Italo Calvino, Il sentiero dei nidi di ragno

Libro n•14_ un libro che a scuola hai davvero detestato

Non lo finii in terza liceo, non gli diedi una seconda chance, dopo pochi capitoli lo abbandonai come noioso. Calvino non lo so apprezzare veramente, c’è poco da fare, a distanza di 11 anni ancora non mi piace, però sono riuscito a masticarlo piano piano in queste settimane fra un libro e l’altro e ad arrivare all’atteso finale. È un libro che ti spiazza e ho capito che la fatica che ho provato nel leggerlo tutte e due le volte forse dipende dal fatto che odio ammettere di essermi immedesimato in Pin. Perché il personaggio che preferisco è Kim, lo psichiatra, e invece fra tutti mi trovo a simpatizzare per il ragazzino disagiato e per quello che rappresenta. Ho una mia teoria, magari poi sviante e non appartiene alle intenzioni di Calvino, peró resta il fatto che leggendo ho pensato che tutto il libro ruota intorno a un sentimento in particolare, che è la delusione, a cui ruotano attorno come satelliti la disistima, la paura dell’abbandono e il tradimento.

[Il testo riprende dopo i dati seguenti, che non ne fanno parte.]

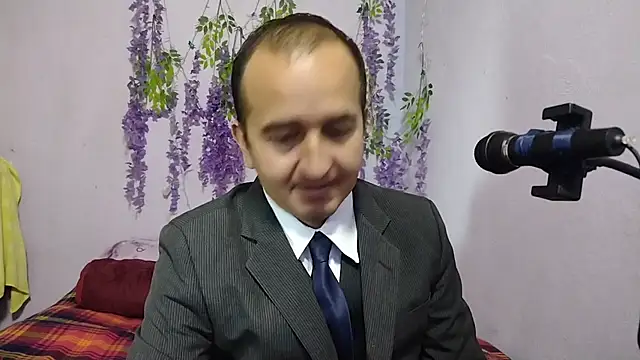 yazforeSolo online show from 09/18/25, 02:30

Pin non ha veramente amici: i ragazzi della sua età ne hanno paura, perché Pin non ha la loro innocenza, dato che è stato educato alle cose del mondo dalla crudezza della sorella. Non sono suoi amici gli alcolizzati dell’osteria con cui si scambia solo scaramucce, non è sua amica sua sorella che a tutte le ore fa salire in camera sua gli occupanti militari tedeschi e non sono suoi amici i soldati e i partigiani. Pin impara a guardare il mondo dei grandi con uno sguardo consapevole anche se ancora acerbo: non capisce tutto quello che vede e che sente, ma capisce molto più di un qualsiasi ragazzino della sua età. Viene un po’ usato da tutti: dai reietti dell’osteria, dal padrone per cui lavora e dai militanti partigiani. In effetti in queste relazioni Pin investe emotivamente un gran capitale affettivo, immagino tutto quello che non può riversare su figure parentali (una morta e uno scappato) ma non viene mai ricambiato veramente, viene visto come un elemento fastidioso, che chiede attenzioni e che se non le riceve risponde con pungenti verità, che i grandi in genere cercano di tenere nascoste. Pin è indesiderato. Pin capisce di non essere voluto veramente dalle persone con cui interagisce. Pin risponde a crudeltà con crudeltà, ma non vuole essere così: in effetti ci soffre parecchio. Finale un po’ buonista: non so se Calvino mi ha convinto veramente, se è davvero così che voleva far finire la storia o se ci è stato tirato per i capelli da qualche astuto editore o dal consiglio di qualche fidato amico scrittore. Fatto sta che nella realtà è difficile immaginare che le cose possano finire con un po’ di gentilezza, dopo aver ricevuto per una vita così poca gentilezza. Secondo me, in questo senso, è più onesta Agota Kristoff che ne La trilogia della città di K. arriva a una conclusione diversa partendo da premesse e personaggi simili. Tuttavia non mi permetto di infangare un classico e concludo solo dicendo che forse non mi è piaciuto perché mi ha spiazzato scegliendo di terminare così il romanzo, peró allo stesso tempo sono contento che ci sia un senso positivo: sarò smielato dentro.